--- START ---

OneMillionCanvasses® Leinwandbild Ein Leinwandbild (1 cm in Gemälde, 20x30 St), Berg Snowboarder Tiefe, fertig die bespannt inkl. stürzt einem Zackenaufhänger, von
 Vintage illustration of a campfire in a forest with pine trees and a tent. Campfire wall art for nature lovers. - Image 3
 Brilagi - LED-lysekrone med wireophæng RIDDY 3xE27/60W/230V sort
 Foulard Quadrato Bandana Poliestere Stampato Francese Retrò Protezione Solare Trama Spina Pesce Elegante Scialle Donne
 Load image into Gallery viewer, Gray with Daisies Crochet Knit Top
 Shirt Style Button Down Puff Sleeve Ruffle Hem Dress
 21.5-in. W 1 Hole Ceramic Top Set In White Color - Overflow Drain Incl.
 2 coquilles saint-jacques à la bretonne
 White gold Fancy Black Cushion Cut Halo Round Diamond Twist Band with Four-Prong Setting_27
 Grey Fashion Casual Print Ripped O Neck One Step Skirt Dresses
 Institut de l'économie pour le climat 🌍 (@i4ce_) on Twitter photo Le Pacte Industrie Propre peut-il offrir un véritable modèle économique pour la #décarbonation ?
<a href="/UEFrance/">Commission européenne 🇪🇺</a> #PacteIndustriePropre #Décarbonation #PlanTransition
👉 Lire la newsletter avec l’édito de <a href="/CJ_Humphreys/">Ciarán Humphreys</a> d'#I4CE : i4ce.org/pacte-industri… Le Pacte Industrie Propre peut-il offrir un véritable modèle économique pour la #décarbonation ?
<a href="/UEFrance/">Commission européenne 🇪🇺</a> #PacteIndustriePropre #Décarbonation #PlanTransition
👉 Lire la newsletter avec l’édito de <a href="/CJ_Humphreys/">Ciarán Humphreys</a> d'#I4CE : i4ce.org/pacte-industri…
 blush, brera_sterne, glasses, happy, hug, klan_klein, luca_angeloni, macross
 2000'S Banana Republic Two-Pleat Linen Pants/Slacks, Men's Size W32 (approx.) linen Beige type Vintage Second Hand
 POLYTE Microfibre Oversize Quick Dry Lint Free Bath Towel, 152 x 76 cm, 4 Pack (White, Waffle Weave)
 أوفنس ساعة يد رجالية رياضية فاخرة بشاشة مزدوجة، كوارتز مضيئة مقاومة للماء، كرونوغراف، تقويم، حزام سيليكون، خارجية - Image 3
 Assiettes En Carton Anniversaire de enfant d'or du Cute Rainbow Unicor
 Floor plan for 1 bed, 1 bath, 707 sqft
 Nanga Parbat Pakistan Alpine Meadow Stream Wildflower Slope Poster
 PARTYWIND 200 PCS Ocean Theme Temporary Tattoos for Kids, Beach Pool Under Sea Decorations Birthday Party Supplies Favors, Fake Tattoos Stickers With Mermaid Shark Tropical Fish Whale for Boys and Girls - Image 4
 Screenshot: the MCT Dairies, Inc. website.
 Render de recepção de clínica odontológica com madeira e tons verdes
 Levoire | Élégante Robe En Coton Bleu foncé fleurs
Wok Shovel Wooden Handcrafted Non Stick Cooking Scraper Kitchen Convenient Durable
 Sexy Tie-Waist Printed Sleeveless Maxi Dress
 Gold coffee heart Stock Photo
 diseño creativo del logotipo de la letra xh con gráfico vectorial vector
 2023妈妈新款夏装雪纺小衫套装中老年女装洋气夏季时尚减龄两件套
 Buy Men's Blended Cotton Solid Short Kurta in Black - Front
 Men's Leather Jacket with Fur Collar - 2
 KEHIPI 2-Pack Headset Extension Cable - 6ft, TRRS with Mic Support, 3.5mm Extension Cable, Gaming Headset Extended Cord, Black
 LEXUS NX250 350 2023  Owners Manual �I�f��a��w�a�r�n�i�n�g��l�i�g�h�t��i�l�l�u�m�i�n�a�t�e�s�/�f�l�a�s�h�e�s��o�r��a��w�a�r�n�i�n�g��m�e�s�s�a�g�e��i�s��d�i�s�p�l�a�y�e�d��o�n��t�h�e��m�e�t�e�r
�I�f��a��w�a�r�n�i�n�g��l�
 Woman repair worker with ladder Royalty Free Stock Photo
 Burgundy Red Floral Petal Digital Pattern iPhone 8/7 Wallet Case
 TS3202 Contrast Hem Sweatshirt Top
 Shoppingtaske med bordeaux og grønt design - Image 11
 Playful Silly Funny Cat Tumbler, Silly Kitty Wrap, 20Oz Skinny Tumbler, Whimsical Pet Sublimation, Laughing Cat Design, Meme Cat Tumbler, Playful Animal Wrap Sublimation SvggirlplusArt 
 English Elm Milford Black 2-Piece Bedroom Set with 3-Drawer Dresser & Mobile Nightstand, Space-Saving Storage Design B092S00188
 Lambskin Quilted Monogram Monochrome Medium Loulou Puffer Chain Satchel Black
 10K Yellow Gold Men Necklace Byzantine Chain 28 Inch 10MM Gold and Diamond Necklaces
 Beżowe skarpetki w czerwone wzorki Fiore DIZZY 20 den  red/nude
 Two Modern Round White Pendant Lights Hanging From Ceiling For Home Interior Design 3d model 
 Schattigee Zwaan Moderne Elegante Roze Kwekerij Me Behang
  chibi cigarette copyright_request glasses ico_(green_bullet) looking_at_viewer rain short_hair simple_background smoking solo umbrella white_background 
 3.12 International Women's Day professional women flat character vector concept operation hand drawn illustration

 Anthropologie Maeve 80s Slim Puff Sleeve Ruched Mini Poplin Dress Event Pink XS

--- END ---

> Work instructions
Starting at the line above that holds "Gold coffee heart Stock Photo" and ending at the line that holds "Men's Leather Jacket with Fur Collar - 2", transcribe each line exactly and include no other lines.

> Task output
 Gold coffee heart Stock Photo
 diseño creativo del logotipo de la letra xh con gráfico vectorial vector
 2023妈妈新款夏装雪纺小衫套装中老年女装洋气夏季时尚减龄两件套
 Buy Men's Blended Cotton Solid Short Kurta in Black - Front
 Men's Leather Jacket with Fur Collar - 2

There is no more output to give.